Every line in the data below from the one containing "прописка для школы в Колпашево" down to the one containing "Фото автозапчасти подшипник", both included, must be retyped exactly; no other line is to appear.

Data to process
>>>
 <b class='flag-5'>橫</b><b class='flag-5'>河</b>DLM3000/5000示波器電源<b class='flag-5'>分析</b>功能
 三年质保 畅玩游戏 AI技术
<<<
>>>
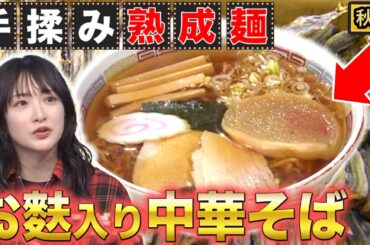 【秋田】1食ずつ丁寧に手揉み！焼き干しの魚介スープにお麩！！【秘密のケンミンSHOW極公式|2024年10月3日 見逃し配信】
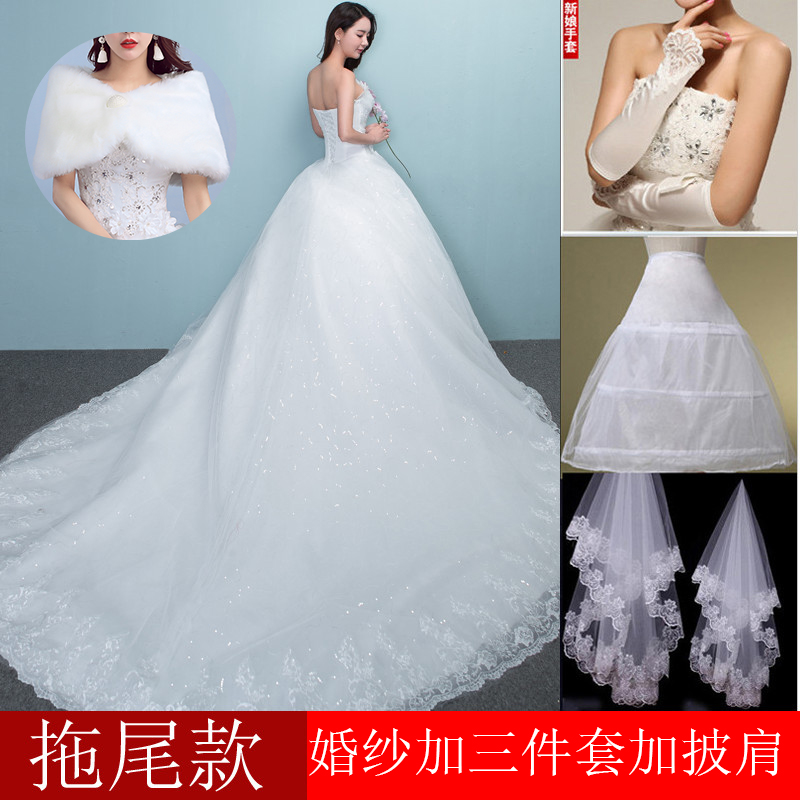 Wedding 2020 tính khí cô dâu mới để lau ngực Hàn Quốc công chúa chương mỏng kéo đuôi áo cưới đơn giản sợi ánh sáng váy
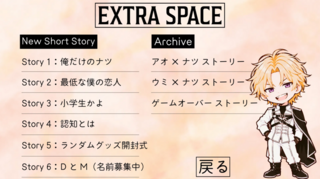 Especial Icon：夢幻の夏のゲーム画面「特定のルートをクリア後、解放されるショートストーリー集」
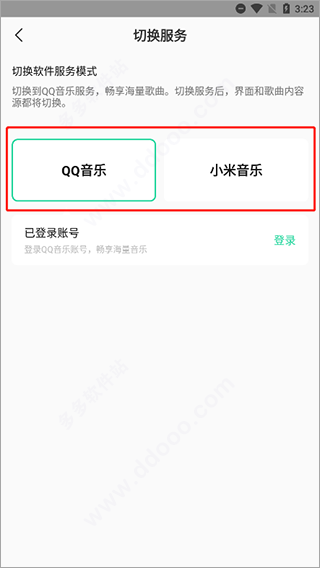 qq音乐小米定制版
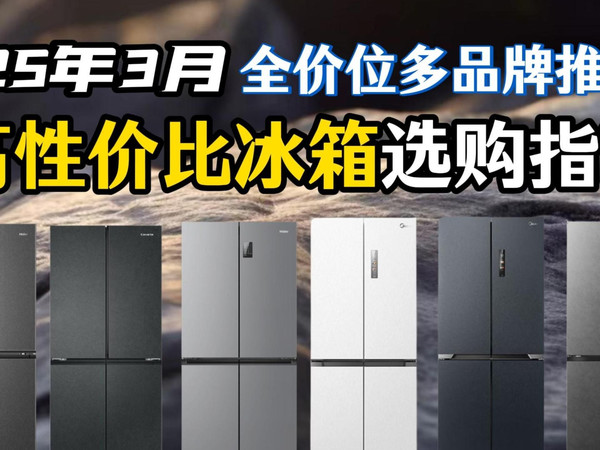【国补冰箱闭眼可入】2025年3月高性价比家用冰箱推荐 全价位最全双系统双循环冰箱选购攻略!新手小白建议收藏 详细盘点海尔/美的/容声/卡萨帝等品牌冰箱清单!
<<<
>>>
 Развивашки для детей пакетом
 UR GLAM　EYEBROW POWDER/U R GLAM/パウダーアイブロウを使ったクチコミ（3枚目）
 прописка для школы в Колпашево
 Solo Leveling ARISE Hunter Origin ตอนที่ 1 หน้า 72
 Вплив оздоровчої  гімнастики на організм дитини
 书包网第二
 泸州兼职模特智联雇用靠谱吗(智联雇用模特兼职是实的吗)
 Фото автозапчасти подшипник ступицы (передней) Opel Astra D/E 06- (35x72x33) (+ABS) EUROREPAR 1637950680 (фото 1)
<<<
Answer to this problem
 прописка для школы в Колпашево
 Solo Leveling ARISE Hunter Origin ตอนที่ 1 หน้า 72
 Вплив оздоровчої  гімнастики на організм дитини
 书包网第二
 泸州兼职模特智联雇用靠谱吗(智联雇用模特兼职是实的吗)
 Фото автозапчасти подшипник ступицы (передней) Opel Astra D/E 06- (35x72x33) (+ABS) EUROREPAR 1637950680 (фото 1)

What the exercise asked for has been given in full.